It looks like its not just greens who are upset at the government's about-face on climate change. Kevin Patterson, a senior energy modeller for the Ministry of Economic Development, has publicly criticised "chaotic policy" in the area:
Dr Patterson was distraught at the dropping of the carbon tax, which he said would have solved about 75 per cent of our global warming problems.
The decision meant New Zealand had no realistic hope of meeting its protocol targets, as other policies, like projects to reduce emissions and encourage more efficient use of energy, were "not very effective".
"They're dreaming if they think it's going to make a difference."

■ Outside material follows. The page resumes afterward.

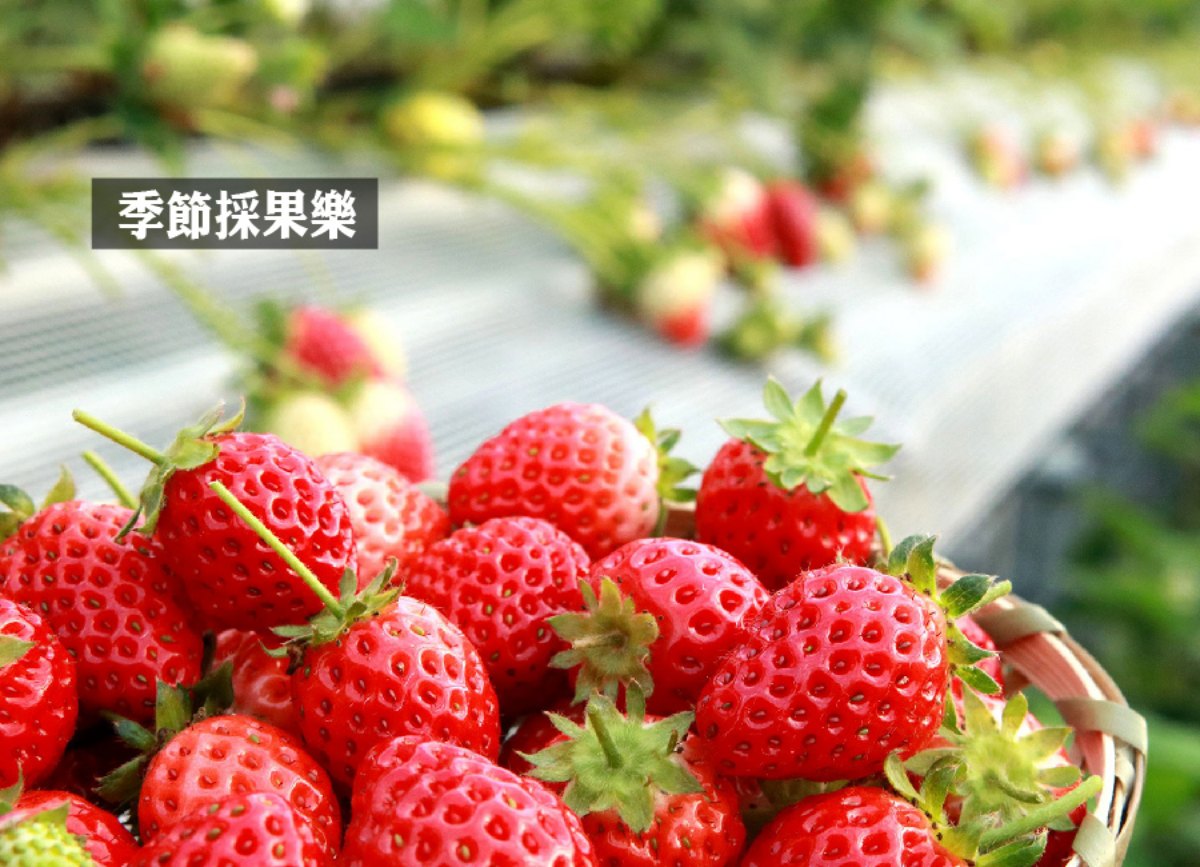 行程特色圖片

Unfortunately, our climate change policy never seems to have been about making a difference - instead, it's always been about collecting windfall profits from the sale of carbon credits. And now that those credits have disappeared, we're left rather exposed. It's immensely frustrating when you consider that effective measures - one way or another of internalising the cost of carbon and making emitters pay for what they are doing - have been developed and then repeatedly delayed over the past decade. We were supposed to have a carbon tax in 1997 as a way of meeting our UNFCCC obligations. It was paradoxically put on hold at the last minute because we'd adopted a binding emissions reduction target under the Kyoto Protocol. We had another chance in 1999 when the National government wanted to introduce one as an interim measure to precede a full emissions-trading regime. It was dumped on the floor by the incoming Labour-Alliance government. Labour's carbon tax, hashed out over 2001-2002, was to be introduced in 2007, only to be dumped before even having a chance to work. The first two times, policymakers could appeal to the mirage of anticipated carbon credits. Labour has no such excuse.
Under the Kyoto Protocol, we are required to either reduce our net greenhouse gas emissions to 1990 levels, or take responsibility for the excess by acquiring credits off other parties. While the government is promising new climate change policies after the review (which finishes up sometime this month), if they're ruling out a broad-based carbon tax, then its hard to see what they can do which will make a real difference. Instead, we now seem to be firmly committed to the latter path of buying credits. Given the opportunities we have squandered, I can understand Patterson's frustration.